John McVicar set out to learn how to
scuba-dive. He had some surprises.
Hurghada: Buddy can you spare some air? I had always fancied going scuba-diving; probably the ambition derives from watching those early Bond movies where the action shifts effortlessly from the air, to the ground, to underwater. And I saw myself taking to it easily. I swim well, I am used to intensive exercise and I'm a risk-taker. But things didn't quite work out as I expected.
It began with a miserable yule-tide and the decision that what I needed was a sun, sea and sand holiday. So the New Year saw me browsing Teletext's holidays and flights pages. I quickly sniffed out the cheapest - Egypt. Of course, the tourist industry there is still recovering from the appalling incident last November when 58 tourists - including six Britons - were butchered in Luxor.
My best deal was a pounds 109 package from Goldenjoy Holidays - including flight, three-star hotel and breakfast for seven days in Hurghada on the Red Sea where, as a unplanned bonus, I could also realise my ambition to go scuba-diving.
During the five-hour flight I daydreamed about diving with the dolphins, between blasting away on the hashish pipe and compiling a consumer's guide to the local brothels. The reality was very different.

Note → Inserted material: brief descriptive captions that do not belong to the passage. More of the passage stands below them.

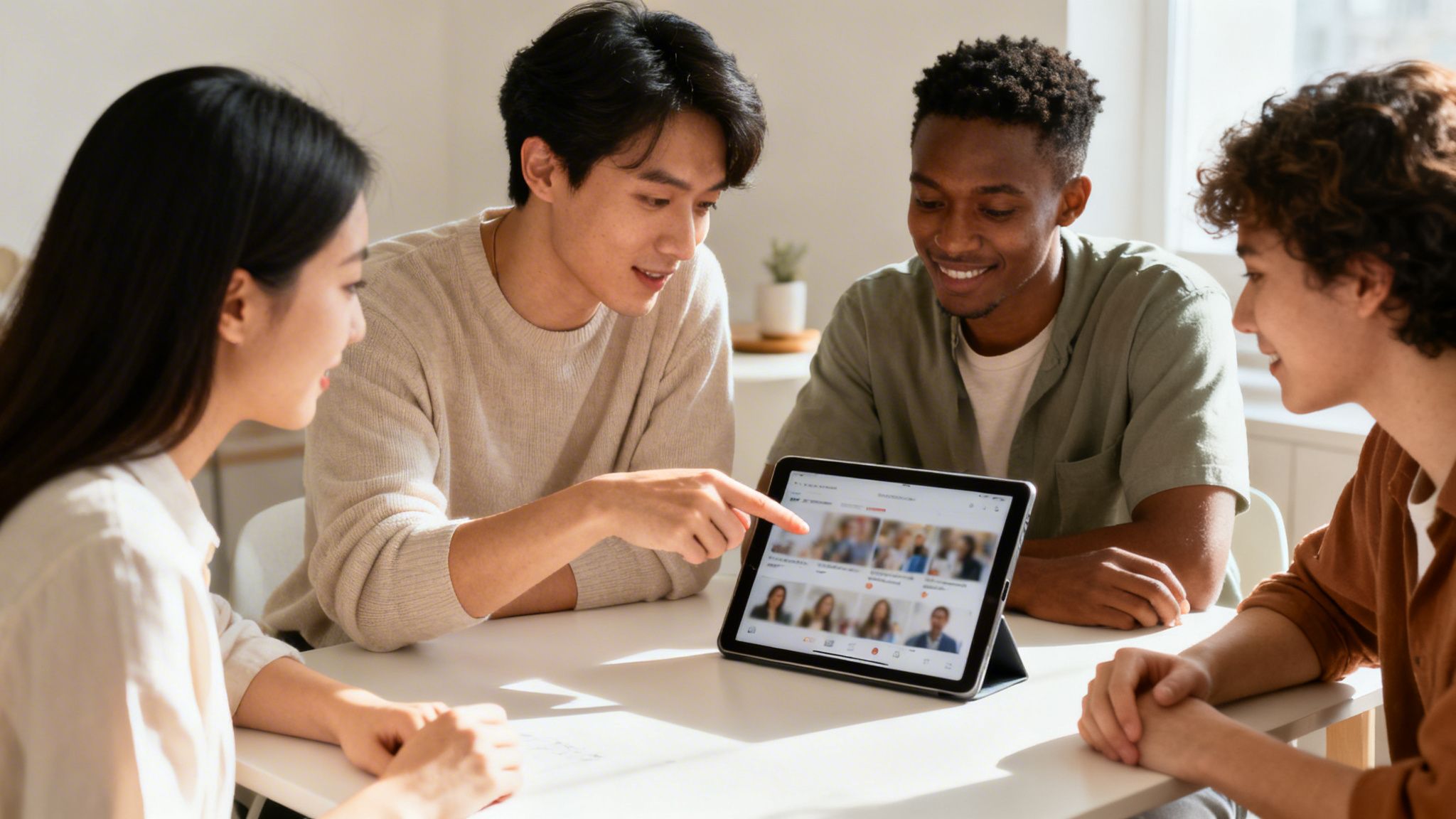 Cztery młode osoby siedzące przy stole, wspólnie oglądające treści na tablecie, jedna osoba wskazuje palcem na ekran.
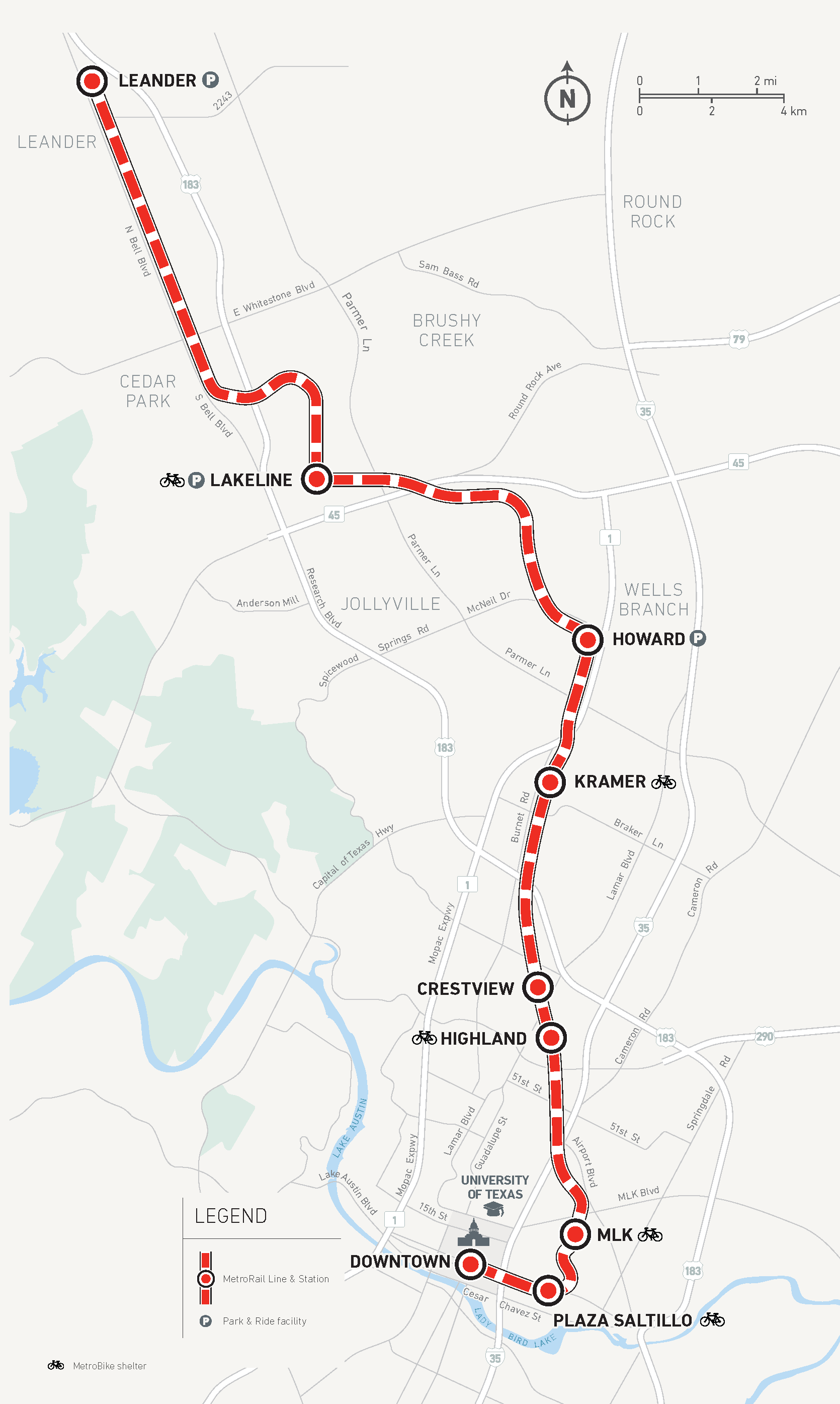 Map - MetroRail Red Line and Stations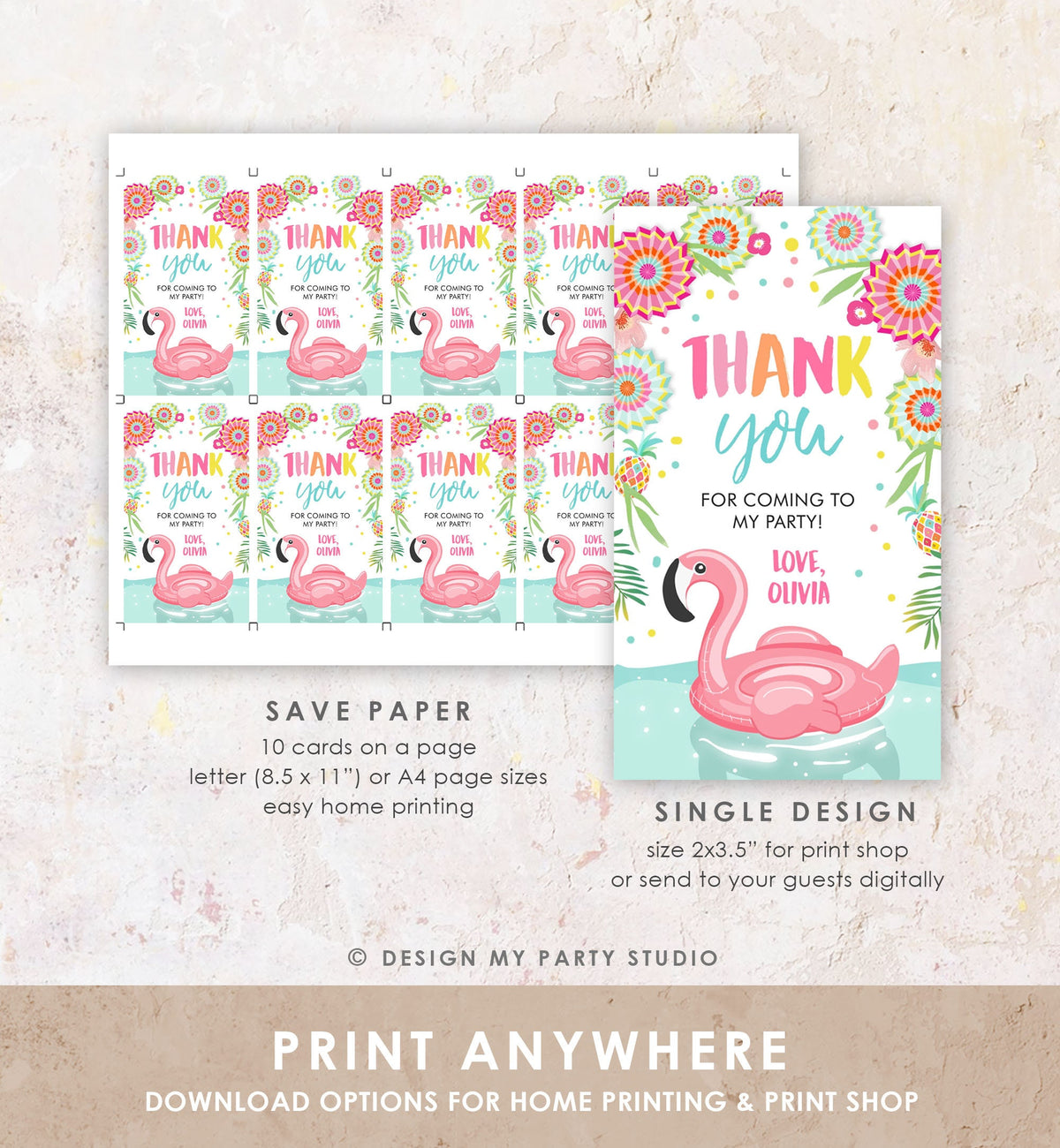 Editable Flamingo Favor Tag Tropical Aloha Luau Party Thank You Tags Birthday Pool Party Pink Gold Label Corjl Template Printable 0240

Hurghada strings out along the shoreline of the north-eastern side of the Red Sea. The town looks like an abandoned construction site, which until the Luxor incident was clearly aimed at out-Benidorming Benidorm. Everywhere along its 30-kilometre length and 1-kilometre depth there are unfinished hotels, condominiums and holiday homes beginning to look like bleached skeletons in the desert. Behind it is a band of lowland desert backed by bleak sandstone mountains.
Hurghada airport doubles as a military base, and there are a lot of Kalashnikov- totting security guards around who smile at Europeans - but what they do to fundamentalist suspects would probably make Saddam Hussein blanch.
Still, the sun shone for seven whole days; even in January the midday temperature is in the high seventies Fahrenheit, with only an occasional windy spell chilling me into jeans and a sweater. Soon after arriving, given that I couldn't find any brothels or dope dealers, I began sussing out the diving. There are 90 or so dive centres in Hurghada.
For 20 years the town with its exotic reef diving-sites was the experienced divers' destination of choice. But in the past 10 years, as diving has become more popular, the centres have switched to recreational scuba. In fact, it was this change that established the beachhead for mass tourism, which is now the mainstay of the local economy. Probably up to a third of current tourists are either diving or doing a diving course. Generally the courses cost between pounds 120 and pounds 220 and last five days; it is these courses that are most profitable for the centres, so there is a lot of competition for the newbies. Normally my Scottish ancestry propels me to the cheapest offer going, but the thought of being 15 metres under the sea with gimcrack equipment made me question my usual priorities.
I rang a friend in London who knows his scuba, and he literally ordered me to Barakuda, which was top of the price range. The Barakuda is located in one of the oldest hotels in Hurghada, Giftun Village. But the untutored eye cannot see why it is better value than its cheaper competitors. The owner, James, explained: "There are too many diving-schools in Hurghada. There is as yet no real inspection that takes out the cowboys, but of the 90 or so here I know that only about 10 are following the proper maintenance procedures."
I signed up with Barakuda and was initiated into diving by Jonas Mentz, 28, a wiry, spring-heeled, English-speaking Swede who is a kind of underwater hippie. "Planet Earth is really planet Oceania, as nearly 80 per cent of its surface is water. Life sprang from the oceans. As a diver you are privileged to go back to where we came from, and you should respect and honour that."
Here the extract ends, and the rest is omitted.